20 May 2026 · Behind the Scenes

On joining the noticeboard

There is, as of this week, a small account on the internet with my name attached to it.

This is not, by my own measure, a development I expected. I have spent the better part of my writing life resisting the suggestion that an author ought to be available at all hours, in small portions, on a website. I prefer the longer form. I prefer the page that has been thought about. I prefer to be, as far as is possible, the person who turns up only when there is something to say.

Several people whose judgement I trust have pointed out, with great patience, that readers do not live where I live. They live where everyone else lives, which is, increasingly, on a screen with a number of other small concerns competing for the same minute of attention. Eventually, with no publisher to insist on the point for me, I have insisted on it to myself. I have agreed, with some reluctance and a great deal of caveat, to be a small concern.

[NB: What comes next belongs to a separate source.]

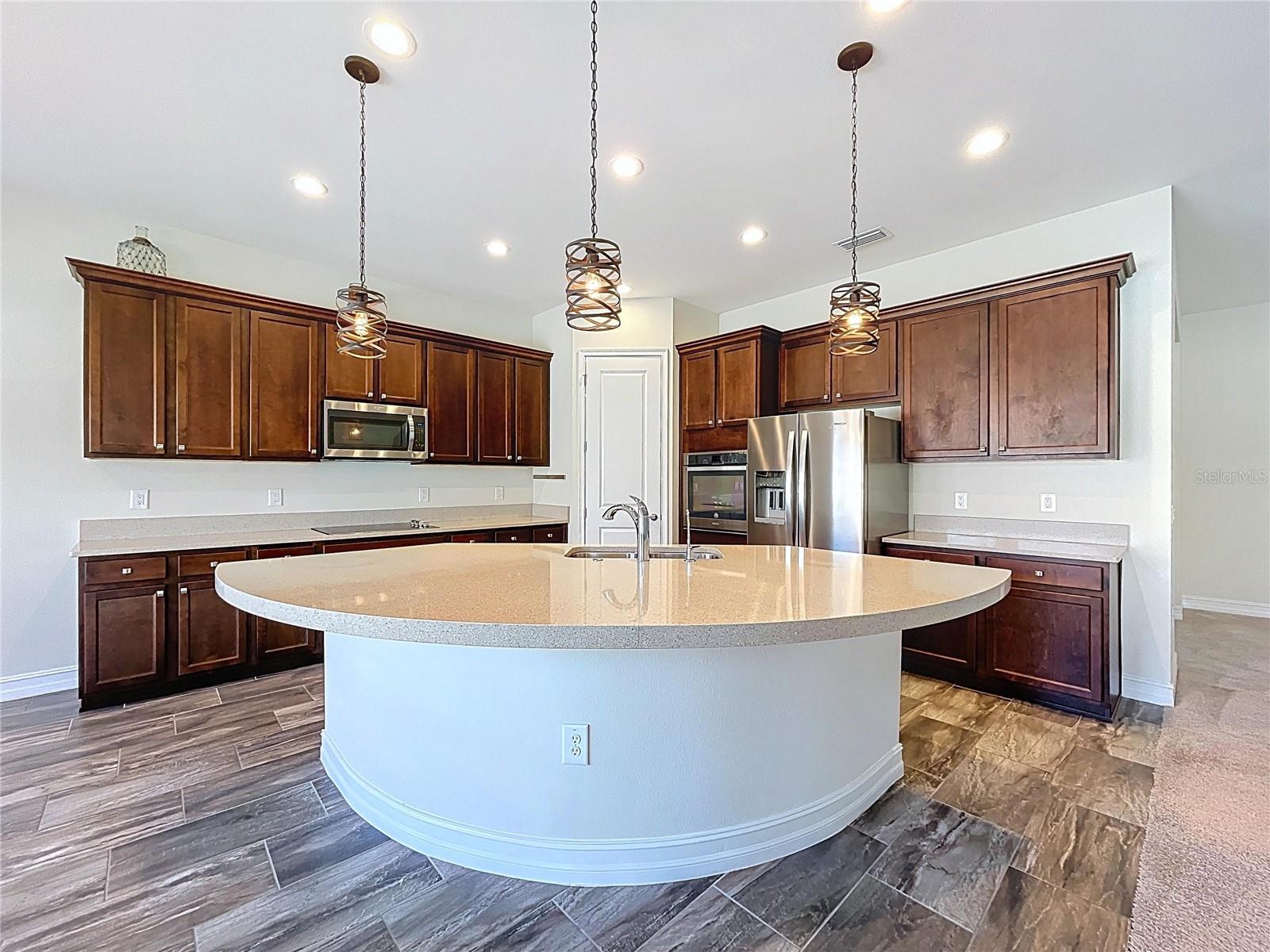 Image 14 of 50 For 1723 Whitewillow Drive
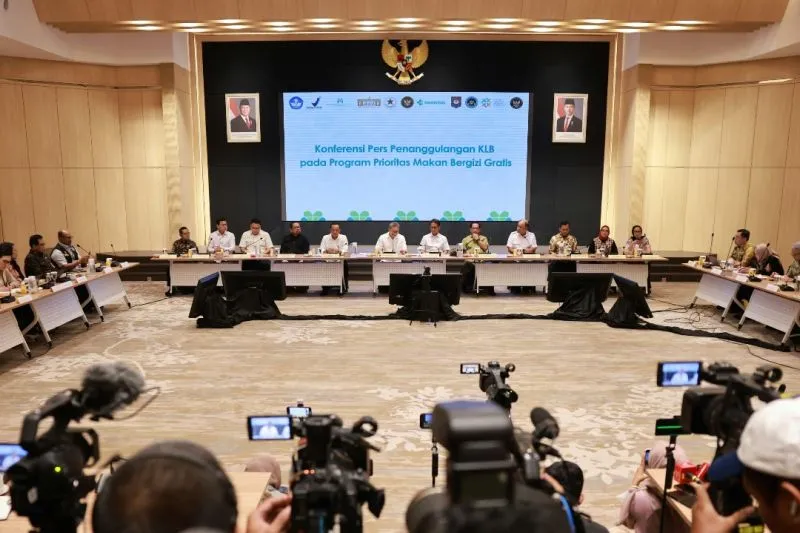 Pemerintah merespons kejadian luar biasa (KLB) keracunan pada program Makan Bergizi Gratis (MBG)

The platform, for those who keep track of such things, is Bluesky. It seemed the least frightening of the available options. The character limit is three hundred, which is roughly a paragraph if you behave yourself, and which I have decided to treat as a discipline rather than a constraint. A paragraph is not nothing. A great deal of what I admire most in the form is, in the end, a single good paragraph stuck on the front of a longer one.

The journal is not going anywhere. This, here, remains the place for the longer thought, the one that wants three pages rather than three sentences. Think of the social account, if you must think of it at all, as the porch light. The work is still inside.

The work, on that subject, is proceeding. The second book has, in the last week or so, stopped looking like a heap of index cards and started looking like a book. The idea I was being careful not to startle, in the last entry but one, has consented to be written down. The suspects have begun to behave like people who would, if pressed, account for themselves. I do not yet have a final shape, but I can now see the shape from across the room, which is the first properly hopeful sign.

If you find yourself on the relevant website, and inclined to look me up, the account is there. I will try not to be tiresome. The books, as ever, remain the point.

— V.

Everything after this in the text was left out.